Prompt: Please reproduce all entries word for word, leaving every image behind.

╭─ Records for the task

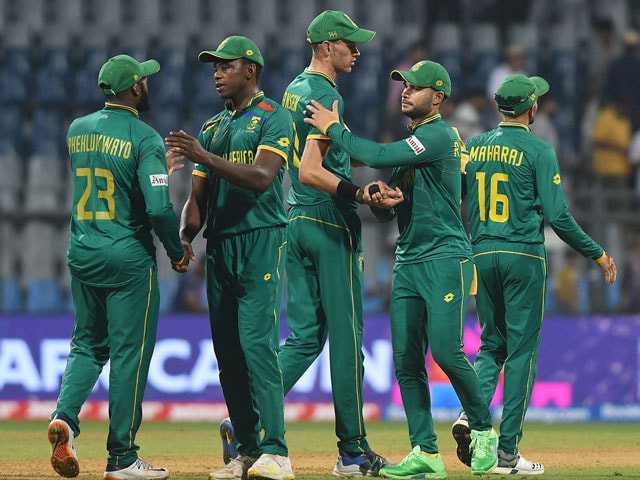 “Keshav Maharaj Told Me…”: South Africa Star Opens Up About Crucial DRS Call Against Pakistan In Cricket World Cup 2023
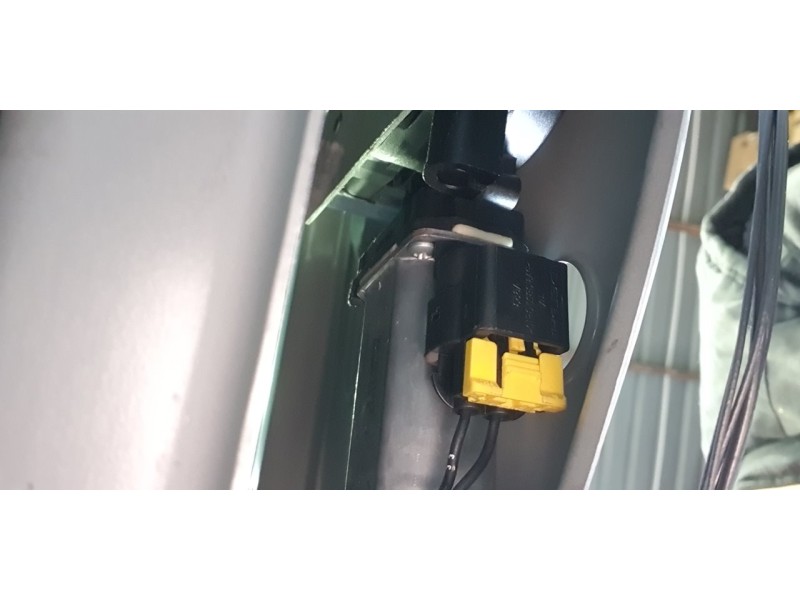 Recambio de elevalunas delantero derecho para ford ka (ccu) titanium referencia OEM IAM ES51B23200BA  ELECTRICO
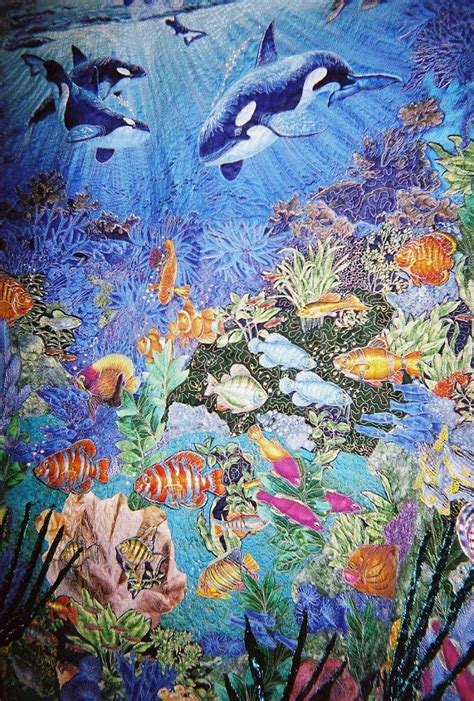 Solve Art Quilt art quilts by Cheryl jigsaw puzzle online with 315 pieces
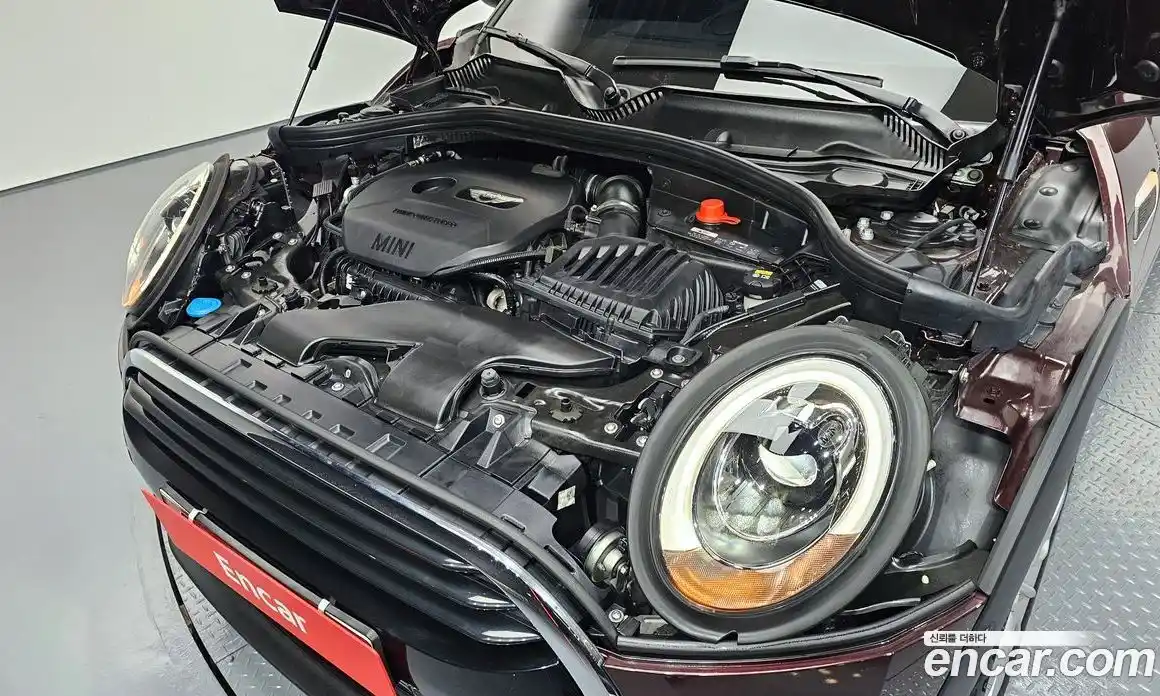 Mini Clubman 2018 1.5 гидро в Москве № 204466, фото 6
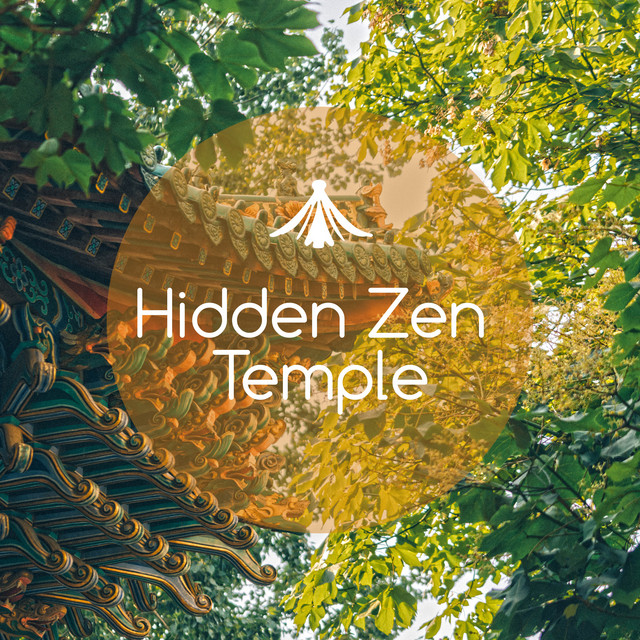 Hidden Zen Temple cover art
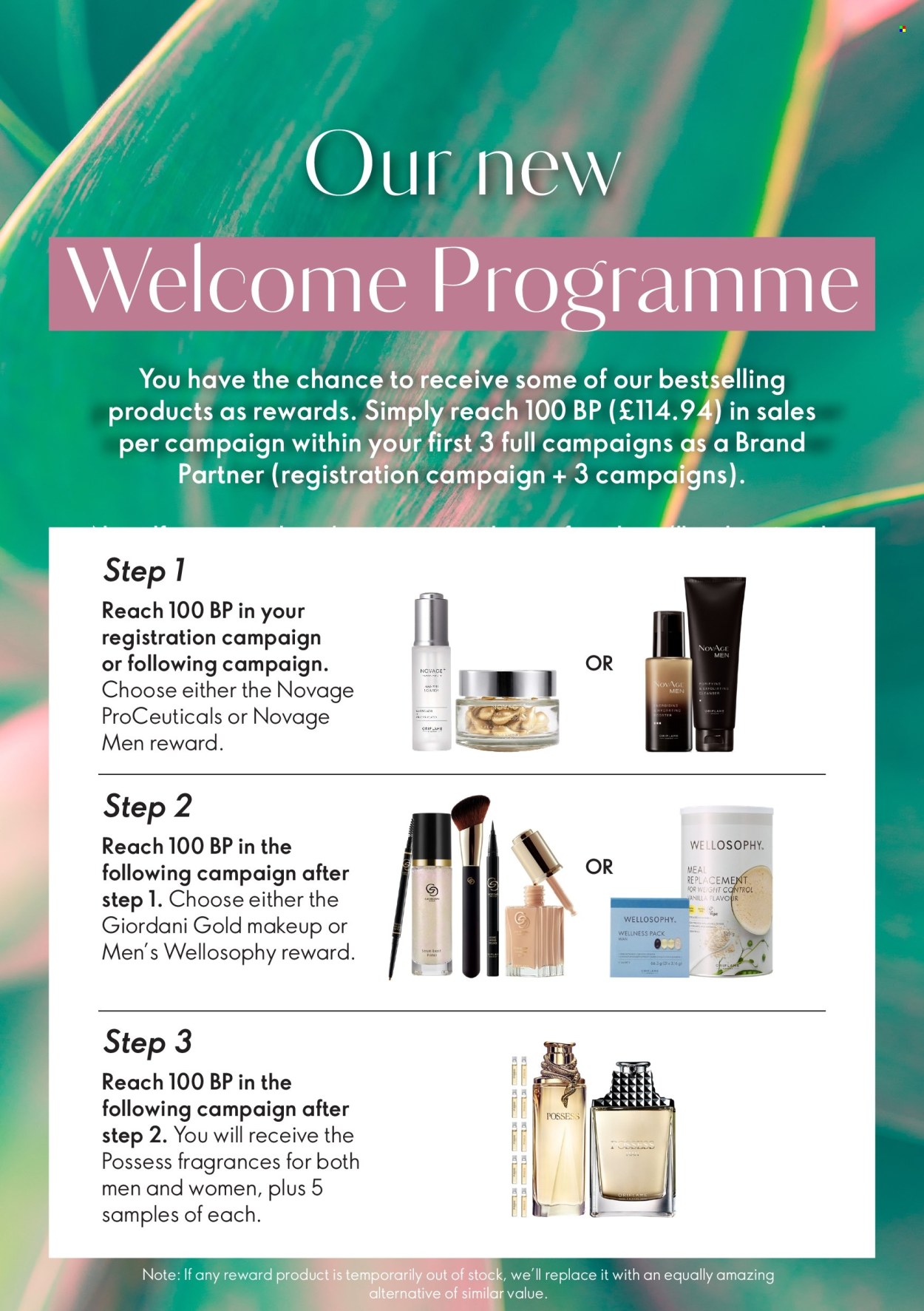 Oriflame offer . Page 6. Page 6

╰─

Answer:
 “Keshav Maharaj Told Me…”: South Africa Star Opens Up About Crucial DRS Call Against Pakistan In Cricket World Cup 2023
 Recambio de elevalunas delantero derecho para ford ka (ccu) titanium referencia OEM IAM ES51B23200BA  ELECTRICO
 Solve Art Quilt art quilts by Cheryl jigsaw puzzle online with 315 pieces
 Mini Clubman 2018 1.5 гидро в Москве № 204466, фото 6
 Hidden Zen Temple cover art
 Oriflame offer . Page 6. Page 6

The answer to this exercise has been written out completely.